══ RECORDS

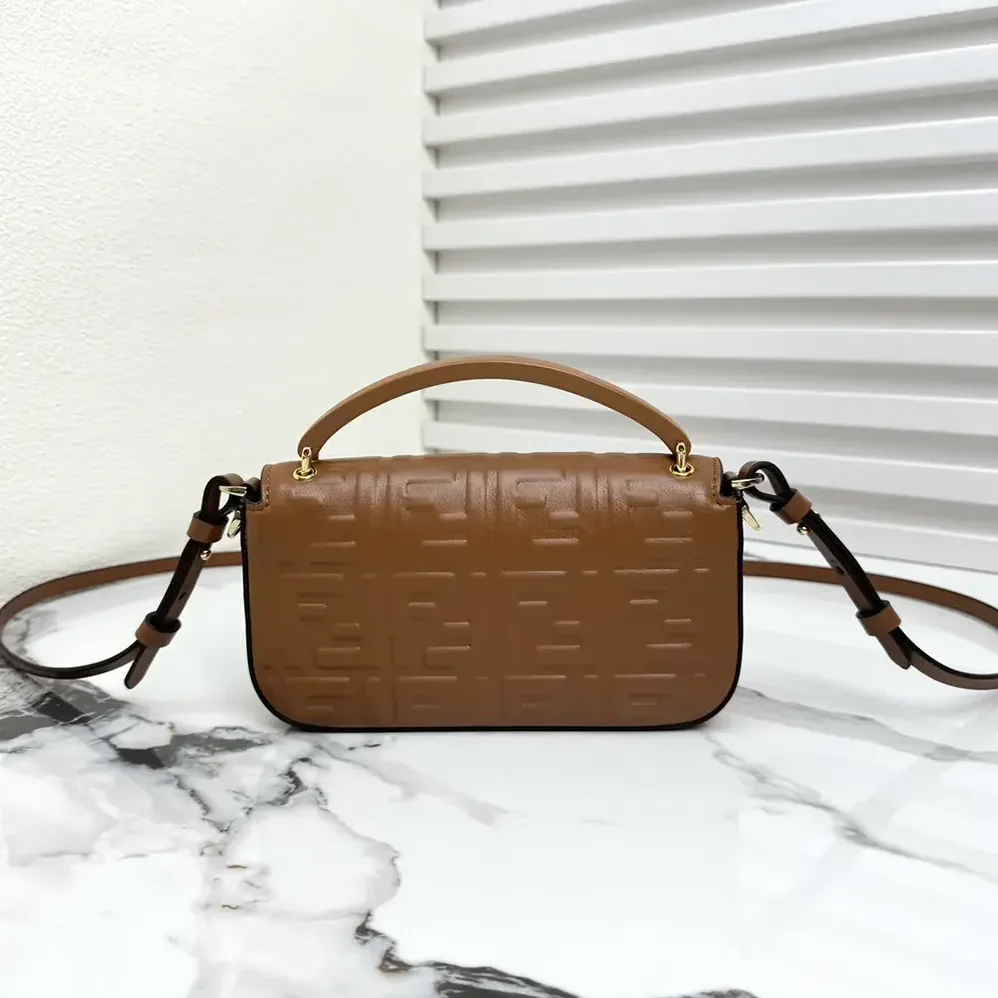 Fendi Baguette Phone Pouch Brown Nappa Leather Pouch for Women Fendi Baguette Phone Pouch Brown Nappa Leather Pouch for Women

════
══ RECORDS

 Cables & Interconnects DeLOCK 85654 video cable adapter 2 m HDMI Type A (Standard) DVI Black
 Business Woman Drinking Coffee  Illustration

════

__WORK ORDER__
Reproducing the whole listing above is not the task. Copy exactly only the lines from the one with "Cables & Interconnects" to the one with "Business Woman Drinking", both kept.

__THE ANSWER__
 Cables & Interconnects DeLOCK 85654 video cable adapter 2 m HDMI Type A (Standard) DVI Black
 Business Woman Drinking Coffee  Illustration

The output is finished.